- [Source data]:
*** Block opens ***

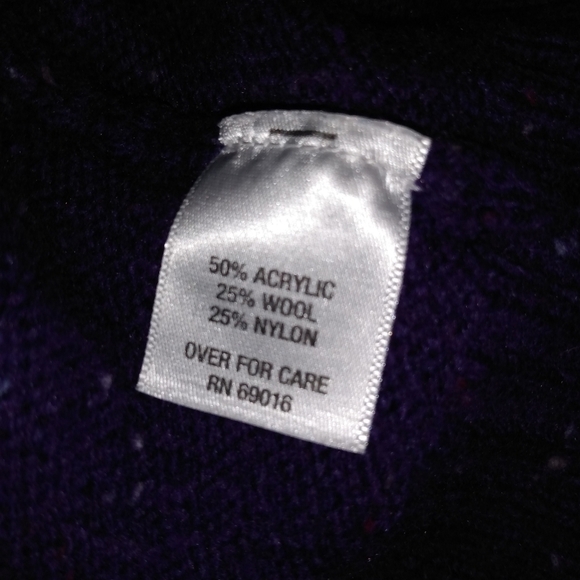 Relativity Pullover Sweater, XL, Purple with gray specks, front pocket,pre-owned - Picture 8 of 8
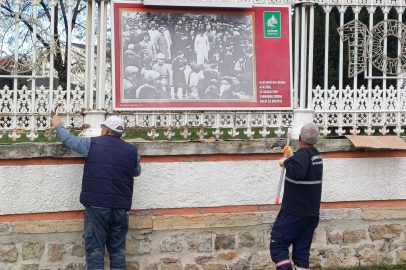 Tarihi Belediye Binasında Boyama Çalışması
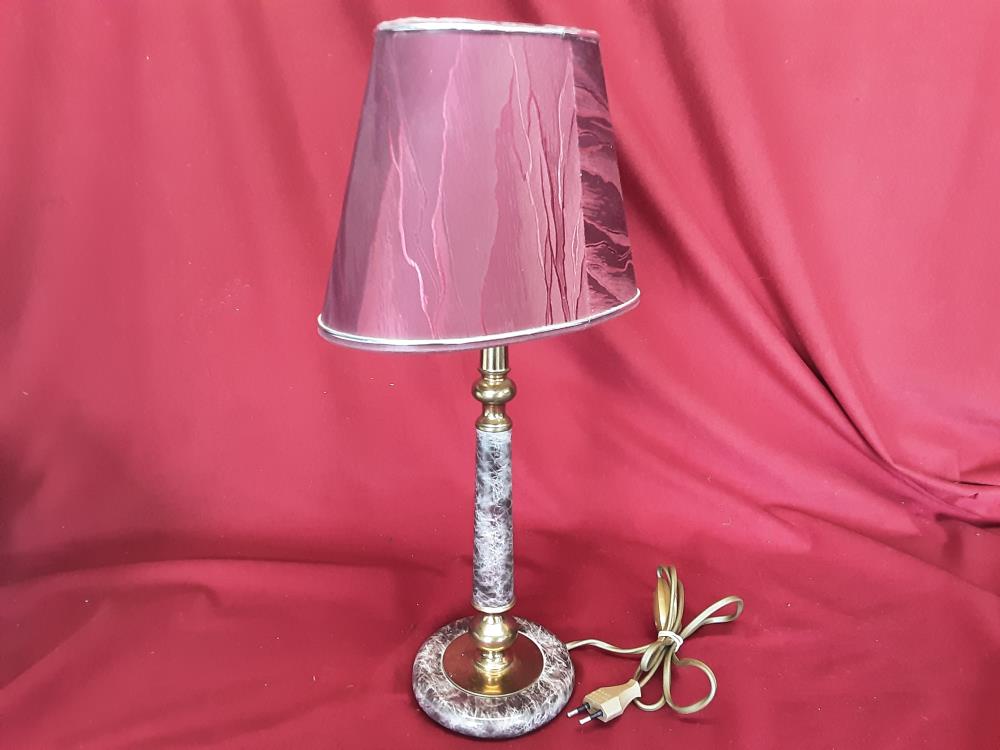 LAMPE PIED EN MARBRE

*** Block closes ***
*** Block opens ***

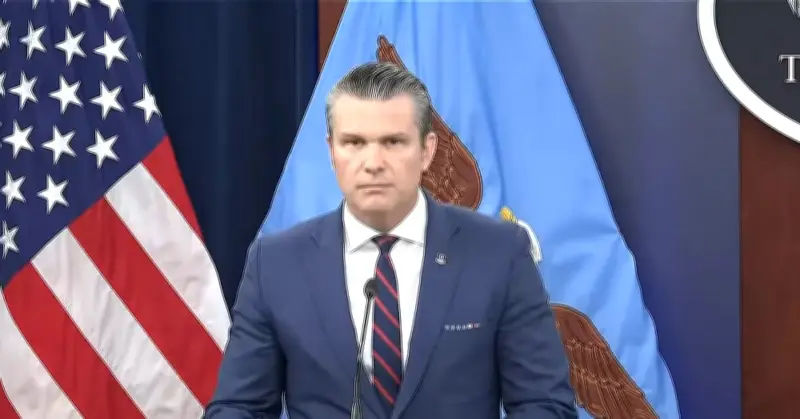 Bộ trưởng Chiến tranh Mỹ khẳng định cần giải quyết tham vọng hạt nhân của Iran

*** Block closes ***

- [Problem description]:
Return only the stretch above from the line containing "Relativity Pullover Sweater, XL, Purple" through the line containing "LAMPE PIED EN MARBRE", word for word and without pictures.

- [Output for this exercise]:
 Relativity Pullover Sweater, XL, Purple with gray specks, front pocket,pre-owned - Picture 8 of 8
 Tarihi Belediye Binasında Boyama Çalışması
 LAMPE PIED EN MARBRE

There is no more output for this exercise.